On Thursday 5th February, the aircraft were airborne once again at first light, only one went unserviceable with severe rotor head vibration. Some 200 people were rescued from the village of Nieuwe-Tonge, on the island of Over Flakkee. There were only 3 landing sites in the village so about 20 helicopter were circling overhead waiting their turn to land, it was rather like Piccadilly Circus! Because of bad weather conditions by midday flying was cancelled in the afternoon.


The sole accident was on 8th February, a helicopter piloted by Lt. Clayton landed on ice and the wind blew the aircraft backwards damaging the tail rotor against a post, spinning it around and landing in about 12 feet of water. The crew had to get into the rubber dinghy and were rescued later in the day by an American Sikorsky S.55.


By Friday ‘Phase One’ was complete with 705 NAS having flown 225 hours 55 minutes, rescued 734 people, three dogs and one cat. By the end of the week everyone cut off by the floods had been rescued, although plenty of livestock were still dying of starvation and thirst.


All the usual constraints on flying were disregarded for these rescue mission, more passengers were carried in this grossly under-powered helicopter, the usual number being 5, although one mission had 8 people, three were children. Flying in such consistently cold and uncomfortable conditions was very tiring, with no cockpit heating and the doors were always open. Every pilot had flown up to 8.5 hours per day in a helicopter that was very difficult to fly in those very bad weather conditions for hours on end. 705 discovered what a very robust helicopter the Dragonfly was, often pushing it beyond its limits; Lt. Dick Turpin remarked’ so long as you had oil pressure and the rotors would go round you flew from first to last light of the day’.


In the Royal Navy at this time there were only a handful of helicopter pilots, some of the pilots flying in Holland were still students on their initial course with 705 NAS. Men like commissioned pilot Richard Williams was a student, but by the end of February was flying search and rescue missions over Holland. He was thrown in at the deep end and had to evolve his flying techniques as he went along.


On February 9th Dick Turpin had the honour of flying Queen Juliana on a tour of the flood-devastated areas, which gave her chance to see the plight of her people, this was her very first helicopter flight.
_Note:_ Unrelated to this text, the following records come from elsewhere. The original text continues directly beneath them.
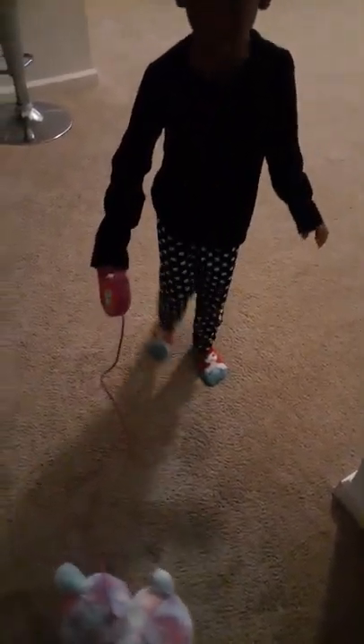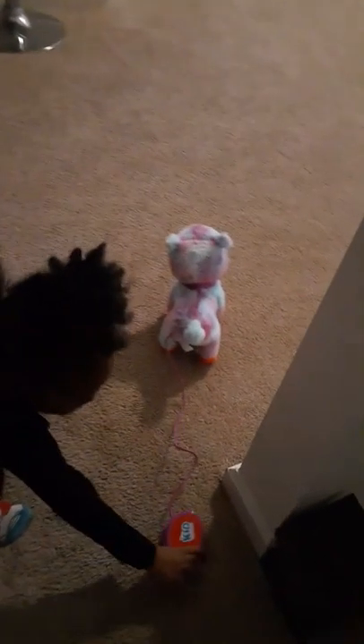Walk, walk around. Stop! See? He makes noise. There are two buttons on here. The buttons do different things — one button controls the tail, and the other one makes it walk.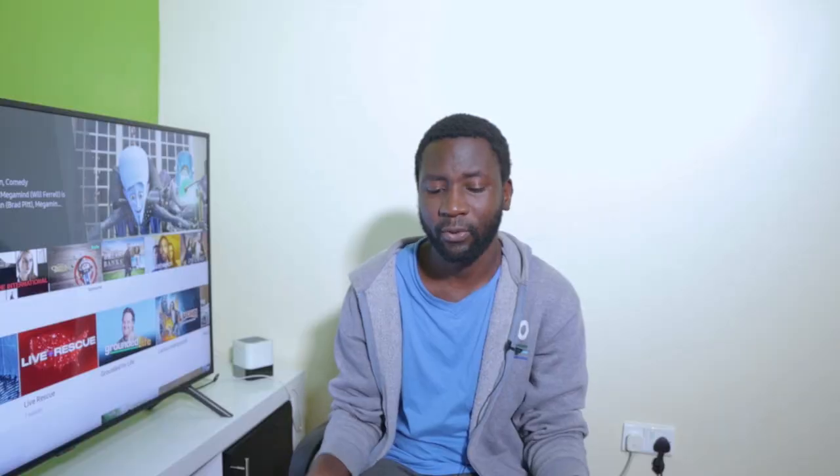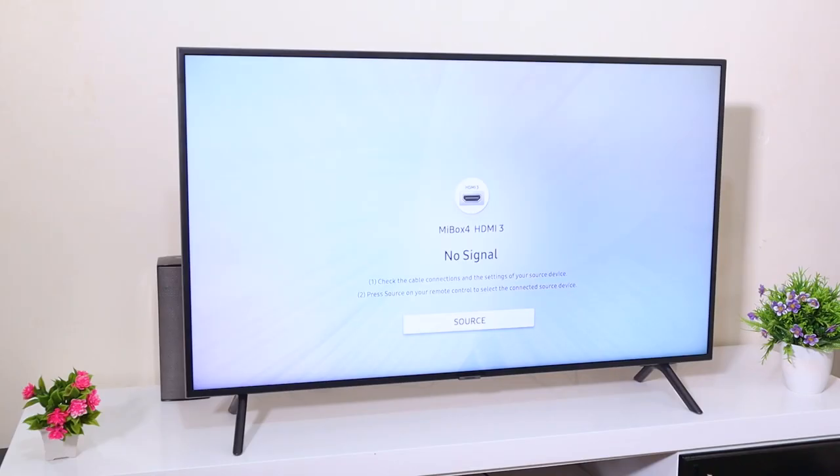I don't know how to do a full review yet — I guess I'll learn that as I talk about more TVs in the future. It's a 4K display, HDR, 49 inches. At the back there is an Ethernet port, 3 HDMI ports, 2 USB ports, and an optical audio port. There are no standard analog audio ports like you get on older TVs.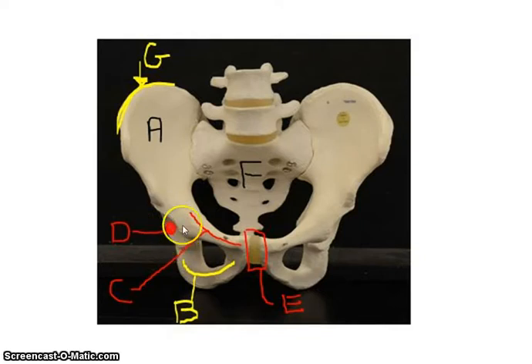The acetabulum is where the head of the femur is going to articulate — what makes up your hip. Another structure you need to know is this ridge, called the iliac crest. You can feel this if you dig your fingers in and run along above your hip — you can actually run it along the iliac crest.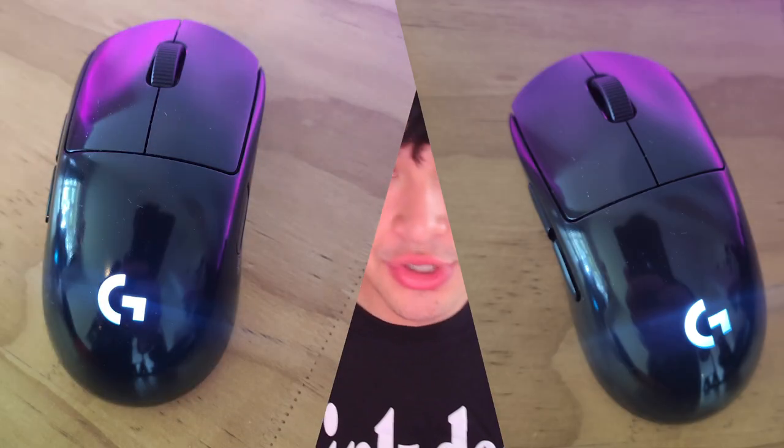What is going on everyone? Today I'm going to be showing you how to make your mouse glossy the easy way. This method includes absolutely no sanding and as you can see it looks pretty good.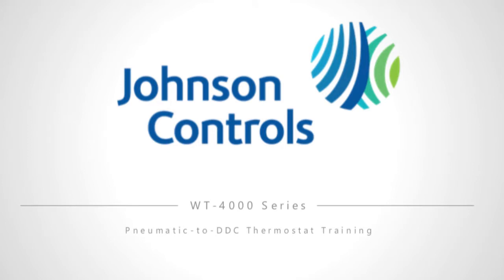Welcome to the Johnson Controls course on the WT-4000 series Pneumatic to Direct Digital Control Room Thermostat.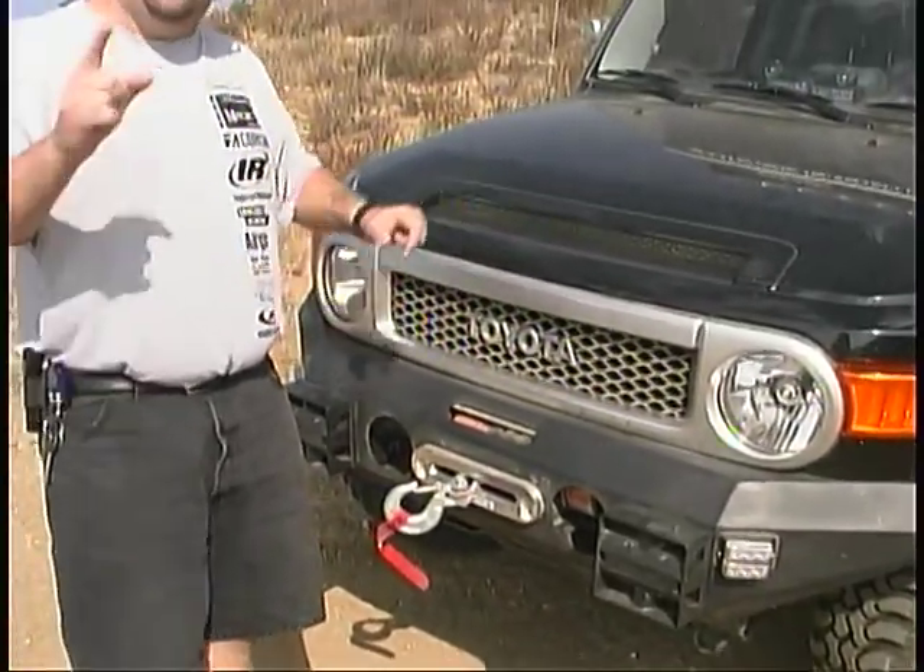We haven't done anything under the hood yet, but I did put in a call to our friends at Airaid and they are sending us a cold air system for it, which will allow us to get about 12 horsepower and about 15 foot-pounds of torque. We'll be installing that also — it is truly a driveway job.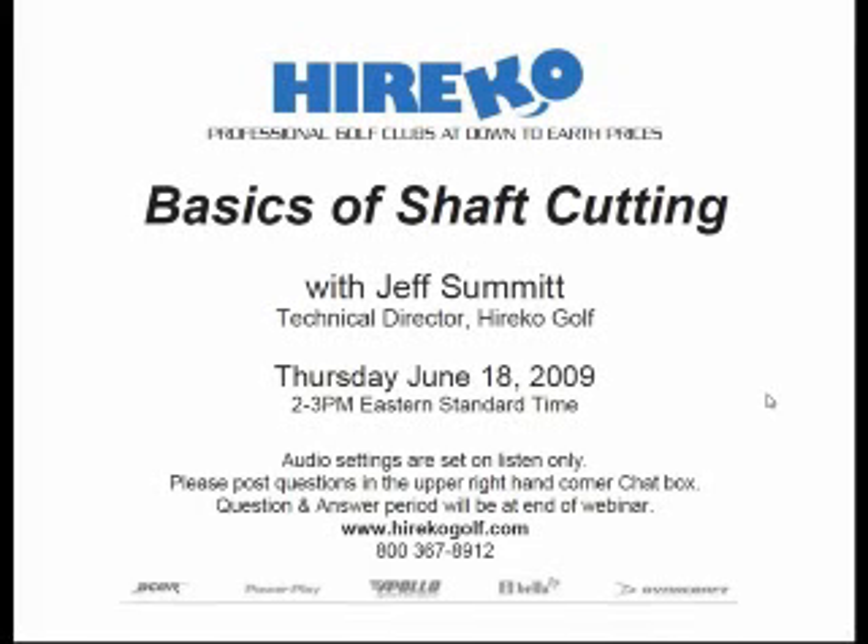My name is Rob Altamont, the VP of Marketing for Herico Golf, and I'll be your moderator for today's Herico webinar titled The Basics of Shaft Cutting. The webinar will be led by Herico's Technical Director, Jeff Summitt.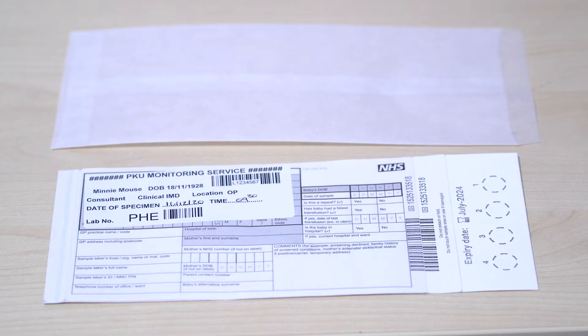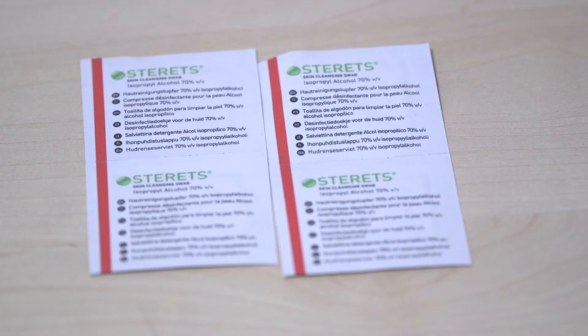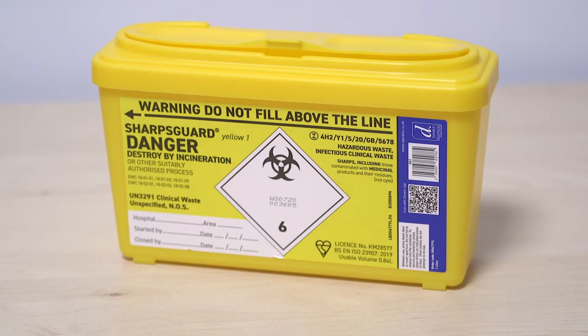The blood spot card is labelled, the clear envelope it goes into, a self-addressed stamped envelope, alcohol wipe, cotton wool and plaster if needed, and a sharps bin.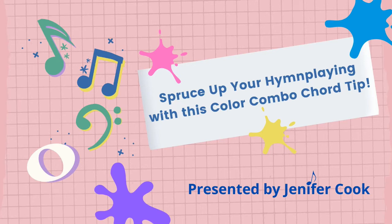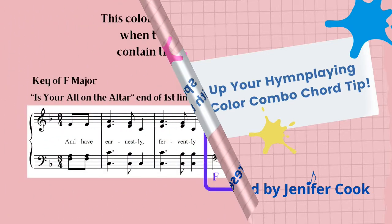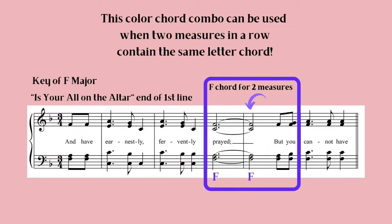Here's an easy chord change to color up your hymn playing. The color chord combo can be applied during two measures in a row with the same chord frame, as in this example: an F chord lasting for two measures.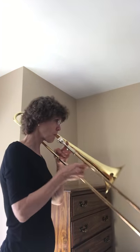Awesome. If you want to do that again, you can — just move your slide or fingers. If you're ready to play, let's do it again at the same tempo, but this time we're going to actually play. Here we go. One, two, ready, play.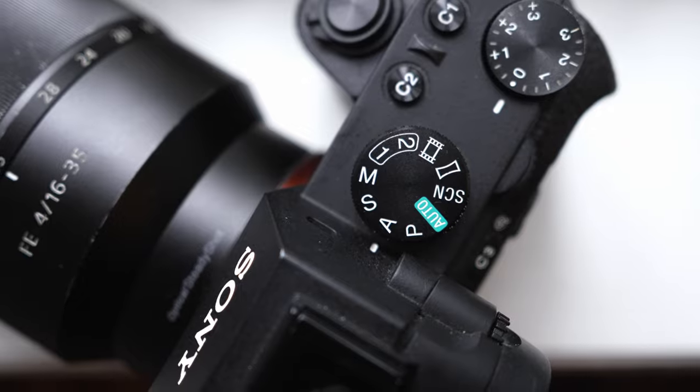But if you do find yourself shooting in modes like aperture priority mode or shutter priority mode, which you definitely should because they're really helpful, and you want more specific exposures on the fly, then I encourage you to check out the exposure compensation dial. Thank you guys so much for watching, and I'm going to actually read my camera manual for once.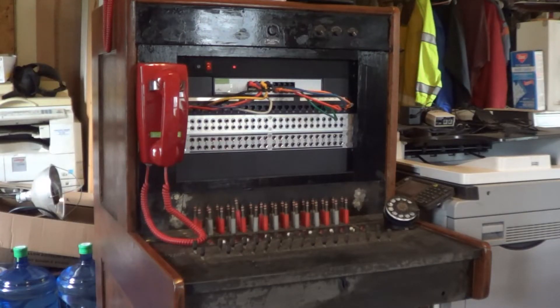Good afternoon Retronauts, this is Paleoferosaurus, otherwise known as Michael Harv McCabe, and this is a Day 30 update for my 2021 Retro Challenge project, the Bell System Model 551B switchboard.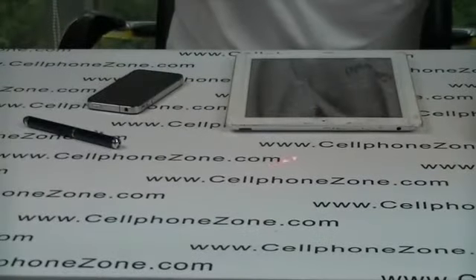Hi and welcome to Cellphone Zone. I'm Neil and today I've got a stylus pen with an additional torch and infrared laser pen.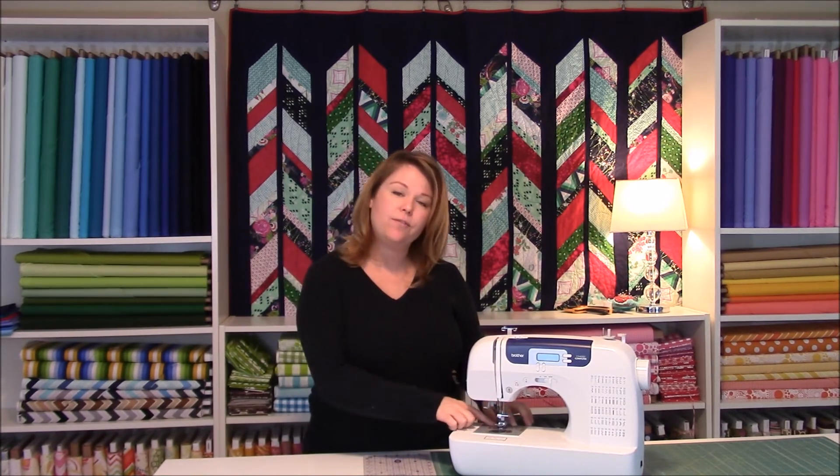And the third thing is take off your faceplate and clean in between those feed dogs. A lot of lint and dirt and debris can get stuck under there and it's really thick and condensed, and it can cause a big issue when you're trying to sew. So once you do all three of those things, I think your machine will be purring like a kitten.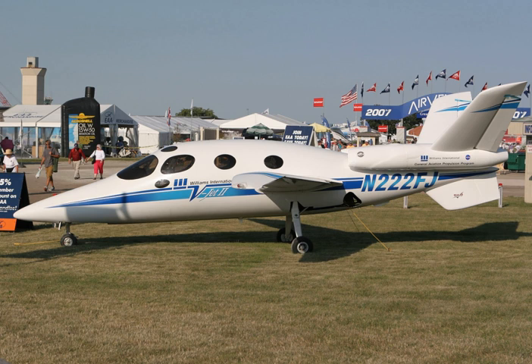The result was the FJ-X2 engine, which produced 550 lbf of thrust. Williams then contracted with Burt Rutan's Scaled Composites to design and build the V-Jet 2, considered a very light jet, to use as a test bed and technology demonstrator to showcase the new engine. At Scaled, the aircraft was known as the Model 271. The aircraft and engine were debuted at the 1997 Oshkosh Airshow.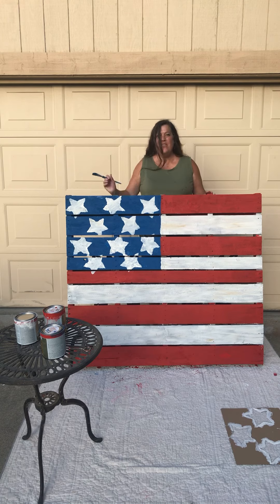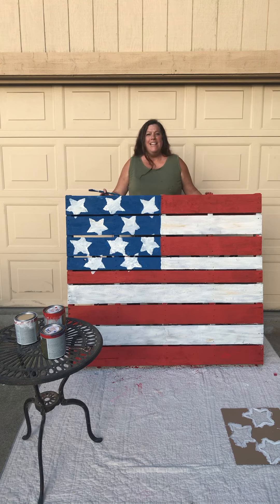We are ready for the Fourth of July! Go ahead and make your own palette flag.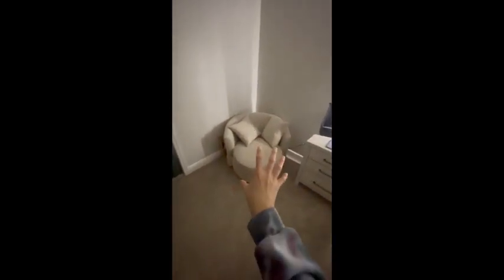Let me take these out so you guys can see the back of it. It's super clean in the room, and I'll show you my bedroom corner so you can see how big it is. This is my bedroom, and this is how it looks in the corner.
At the request of the Dutch government 705 NAS stayed until 19th February because of high spring tides were expected again and the main dykes had been weakened so there was a possibility of more flooding.


NAS 705 ‘s contribution in the Dutch Foods was magnificent when you consider all the conditions as described above, with over 800 people being rescued and a total of over 400 hours flying time.


It had yielded priceless experience in handling SAR helicopters in bad weather over unfamiliar territory, away from a properly equipped base. 705 were the pioneers for the procedures and techniques that are in effect today, they would go on to fly the larger and more powerful Whirlwind, which could carry up to ten people at over 100mph.


Reference: FOR THOSE IN PERIL- 50 YEARS OF ROYAL NAVY SEARCH AND RESCUE by John Winton. 1996/76(7).